INPUT RECORDS:
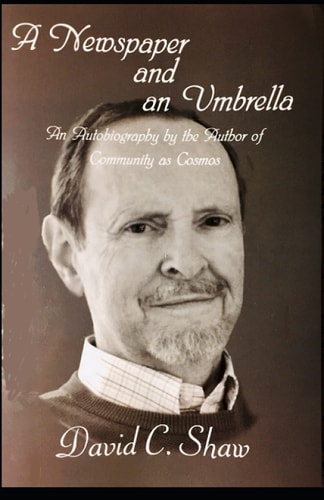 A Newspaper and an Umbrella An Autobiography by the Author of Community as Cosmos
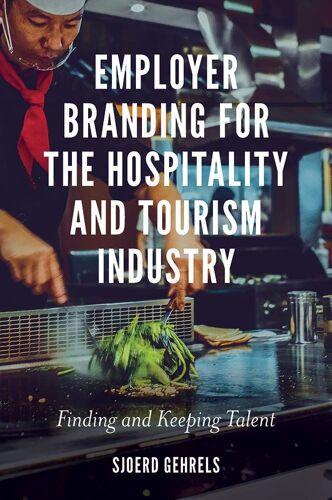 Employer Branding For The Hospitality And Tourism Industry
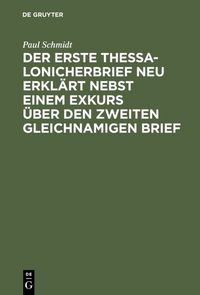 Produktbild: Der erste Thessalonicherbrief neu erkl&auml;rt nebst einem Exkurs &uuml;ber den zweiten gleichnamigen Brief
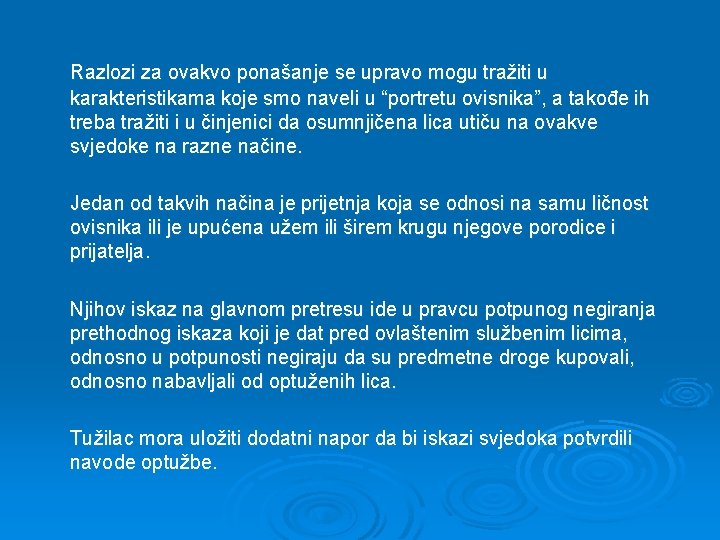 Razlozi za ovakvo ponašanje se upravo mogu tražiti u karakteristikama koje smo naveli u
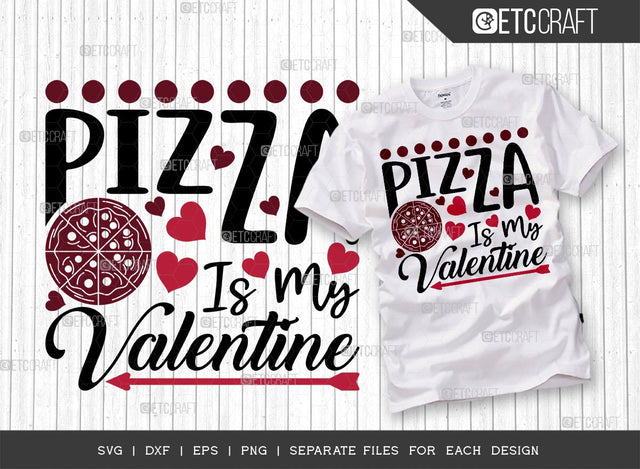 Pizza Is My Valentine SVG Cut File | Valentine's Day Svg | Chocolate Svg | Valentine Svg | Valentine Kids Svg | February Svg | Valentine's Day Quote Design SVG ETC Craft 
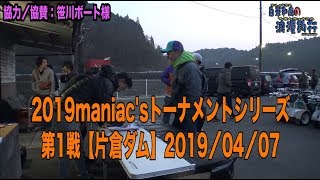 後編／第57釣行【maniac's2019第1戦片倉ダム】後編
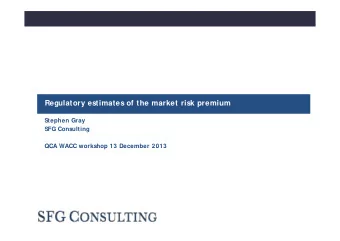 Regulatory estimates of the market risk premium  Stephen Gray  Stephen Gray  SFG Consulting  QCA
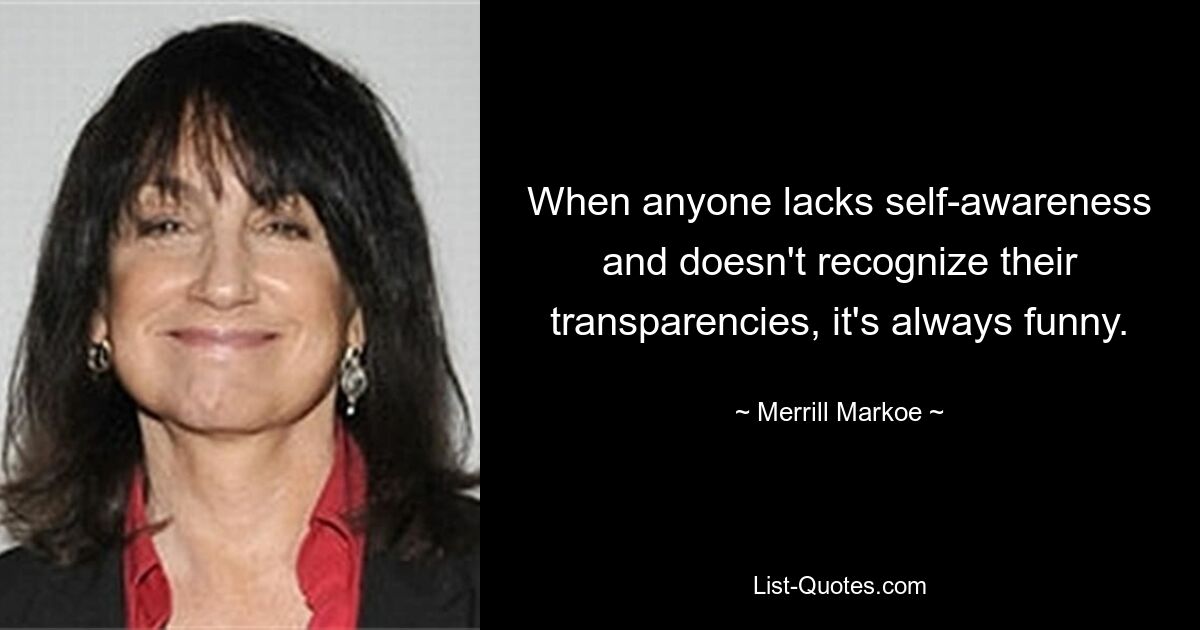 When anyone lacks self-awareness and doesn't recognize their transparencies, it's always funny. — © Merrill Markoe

TASK OBJECTIVE: Beginning with the line containing "Produktbild: Der erste" and ending with the last line of the listing above, output those lines exactly as written, without pictures.

EXERCISE OUTPUT:
 Produktbild: Der erste Thessalonicherbrief neu erkl&auml;rt nebst einem Exkurs &uuml;ber den zweiten gleichnamigen Brief
 Razlozi za ovakvo ponašanje se upravo mogu tražiti u karakteristikama koje smo naveli u
 Pizza Is My Valentine SVG Cut File | Valentine's Day Svg | Chocolate Svg | Valentine Svg | Valentine Kids Svg | February Svg | Valentine's Day Quote Design SVG ETC Craft 
 後編／第57釣行【maniac's2019第1戦片倉ダム】後編
 Regulatory estimates of the market risk premium  Stephen Gray  Stephen Gray  SFG Consulting  QCA
 When anyone lacks self-awareness and doesn't recognize their transparencies, it's always funny. — © Merrill Markoe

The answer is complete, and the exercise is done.